Flood of Fire, the final part of Amitav Ghosh’s Ibis trilogy is set between 1839 and 1841 and it would have been easy to have got the reader lost in the rich historical events that were unfolding during that period; the growing tensions between China and British-ruled India over the opium trade that eventually triggered war, the eventual seizure of Hong Kong and what Beijing saw as its humiliating defeat.
But Ghosh’s literary world is populated by such a gallery of diverse and vivid characters that it is they who capture the reader. Some will be remembered from his first two books, Sea of Poppies about opium production and River of Smoke about the opium ship Anahita travelling to Canton in China. However, while Flood of Fire provides continuity it is equally enthralling as a stand-alone book.
The story unfolds through the lives of three main characters: Zachary Reid, a penniless sailor who discovers the financial rather than physical addiction of the opium trade; Shireen Modi, a Parsi widow who gingerly breaks down social taboos as she journeys to retrieve her dead husband’s confiscated opium fortune; and Kesri Singh, the havildar leading the East India Company Army sepoy brigade but who is caught between two conflicting worlds.
“One of the lessons he took from it was that every soldier had two wars to fight: one against enemies on the outside and the other against adversaries on the inside.
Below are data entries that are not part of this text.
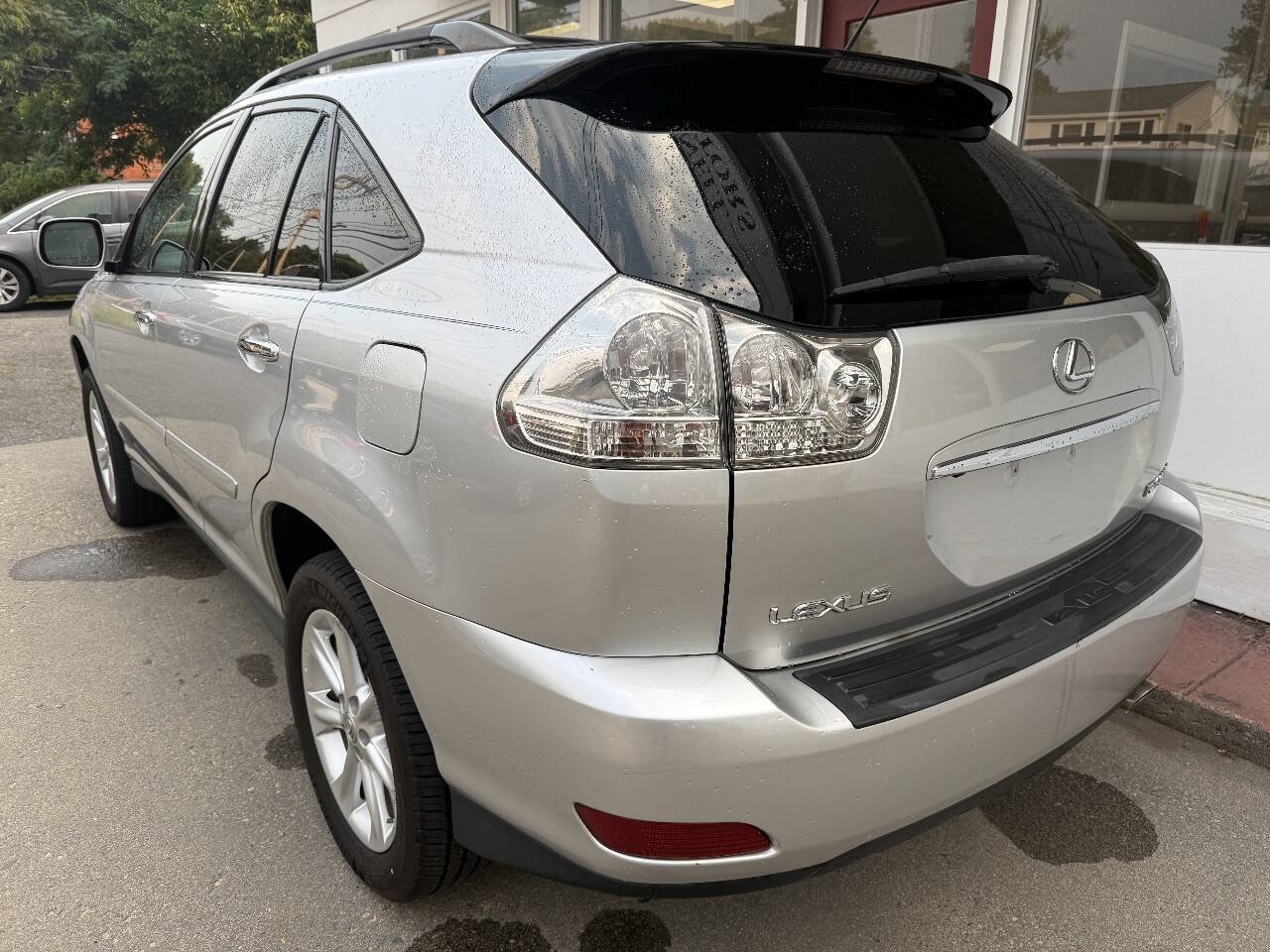 Used 2009 Lexus RX 350 AWD image 5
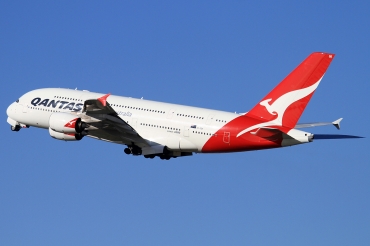 VH-OQK (063) 2011 Airbus A380-842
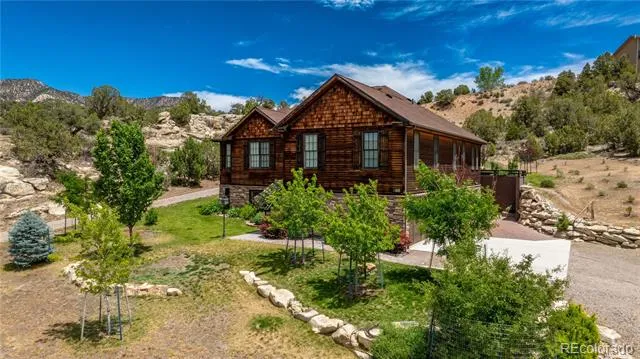 350 Cedar Hills Road Silt, CO 81652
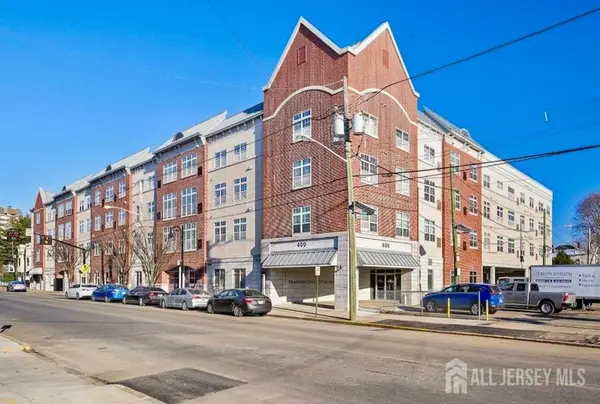 -400 E Front Street #420, Plainfield, NJ 07060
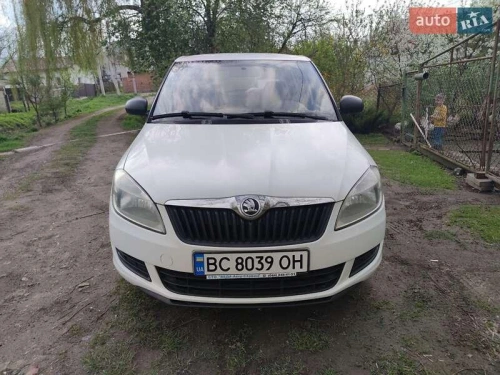 Skoda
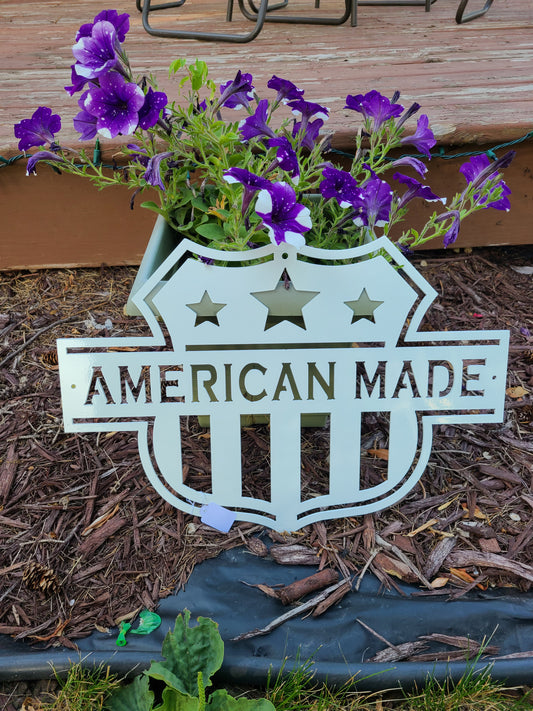 American Made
The first fight was fought with guns, swords and brawn; the second with cunning, patience and guile.”
The book is also packed with a wonderful collection of supporting characters who fill out the web of subtle riffs underlying Flood of Fire – secret lives, illicit affairs and overwhelming longing. Characters like Captain Mee, the British officer in charge of the Sepoy force, fatally damaged by loss; the charming and solicitous Zadig Karabedian trying to reconcile love and tradition; or Benjamin Burnham, strident colonialist and one of the wealthiest opium traders. It is through his wife, Catherine, that we enter the deliciously repressed world of the British memsahib and encounter some of the most colourful kichiri, the strange amalgam of words that was common at the time, some of which permanently infiltrated British english.
“You must not consider me a gudda or a griffin, Mr Reid, for I assure you I am neither. I am a good deal older than you and am not easily foozled. I can assure you that the meaning of “jailing the Jesuit” and “jerquing the jamandar” are not lost on me.”
Ghosh doesn’t bother translating these linguistic skirmishes. He doesn’t need to. They are crafted so carefully, and often surprisingly playfully, and complement the characters so well that the reader knows instinctively what he means.
Flood of Fire is a whopper of a book (the largest of the three) but Ghosh is so skilled at blending detail with story that the pages fly by. His portraits of events, like the hazardous sea journey from Calcutta, India, the British fleet gathered like sharks waiting to attack China, and the Sepoys’ assault on the Chinese mainland, are history come alive. In all, it is a tour de force. Rarely has Colonial Britain, with all its complications and contradictions, been laid bare so eloquently.
Flood of Fire is published by Hachette. Sea of Poppies was shortlisted for the 2008 Man Booker Prize and Amitav Ghosh was shortlisted for the 2015 Man Booker International prize which is awarded for a body of work.